The sixth-generation Tensor G6 custom System-on-Chip (SoC) contains many changes under the hood. The second year Google has used TSMC to produce its custom silicon, the die size remains the same at 3nm. Unlike several reports had previously claimed, the chip was not developed on a 2nm process, as was confirmed by Google. The seven CPU cores use the new ARM Cortex C1-series, consisting of a single Cortex C1-Ultra core and six C1-Pro cores. The GPU is an Imagination PowerVR CXTP-48-1536. CXTP is a newly modified variant of the flagship CXT series from 2021; the extra "P" denotes power efficiency. For the first time since the adoption of Tensor, the Samsung Exynos modems are dropped in favor of one from MediaTek, which is said to reduce power drainage issues caused by signal-hunting, where the device struggles to find or stay connected to a mobile network. These improvements suggest that Tensor G6 provides additional performance for heavy workloads, and draws less power when connected to cellular networks.

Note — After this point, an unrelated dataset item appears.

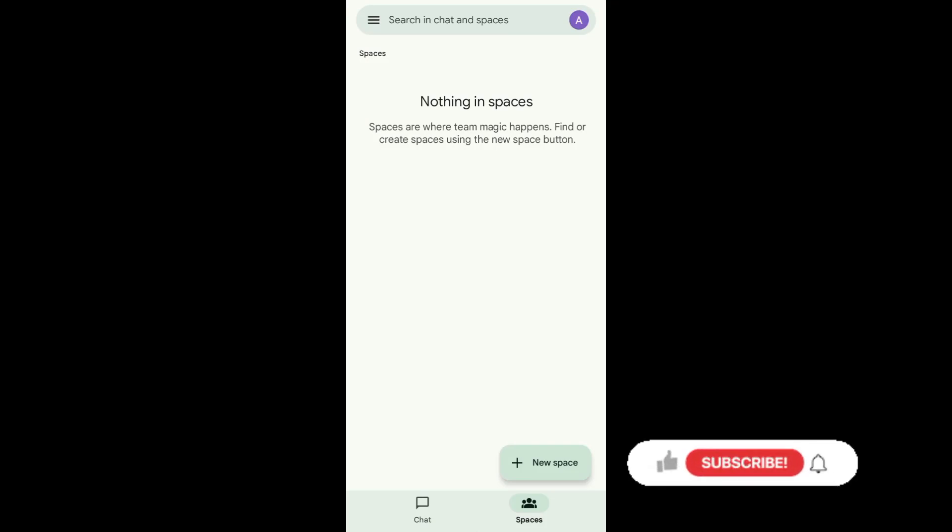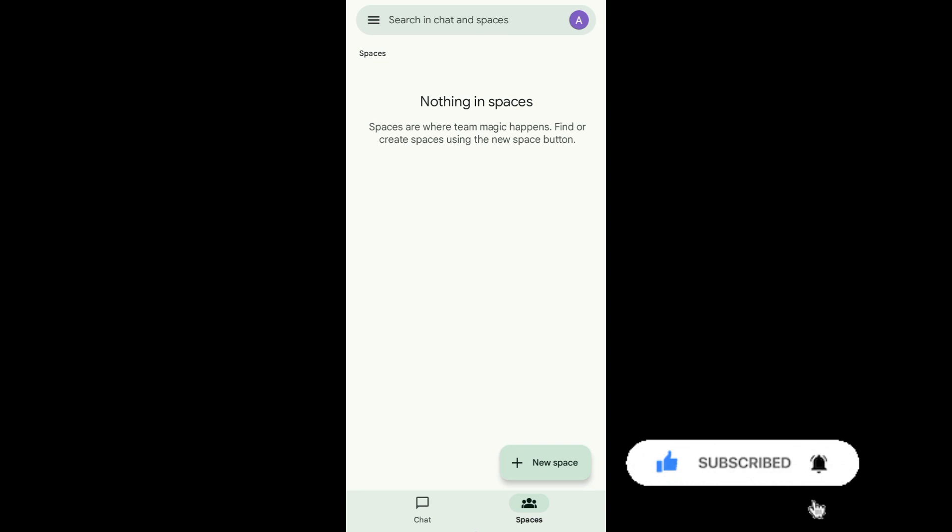Hello guys! In today's video, I'll be showing you how you can delete messages in Google Chat. So without further ado, let's begin!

With Tensor G6 comes an updated Titan M3 security module, which brings post-quantum cryptography to the existing feature set from prior generations.

=== Software ===
The Pixel 11 Series launched with Android 17.

The Pixel 11 series launched with Gemini Intelligence, consisting of a number of agentic tools, suggestions, and cues. It is powered by Google's Gemini models in the cloud and on-device Gemma models.

Proactive Assistance is the updated version of Magic Cue, which originally launched with the Pixel 10 Series.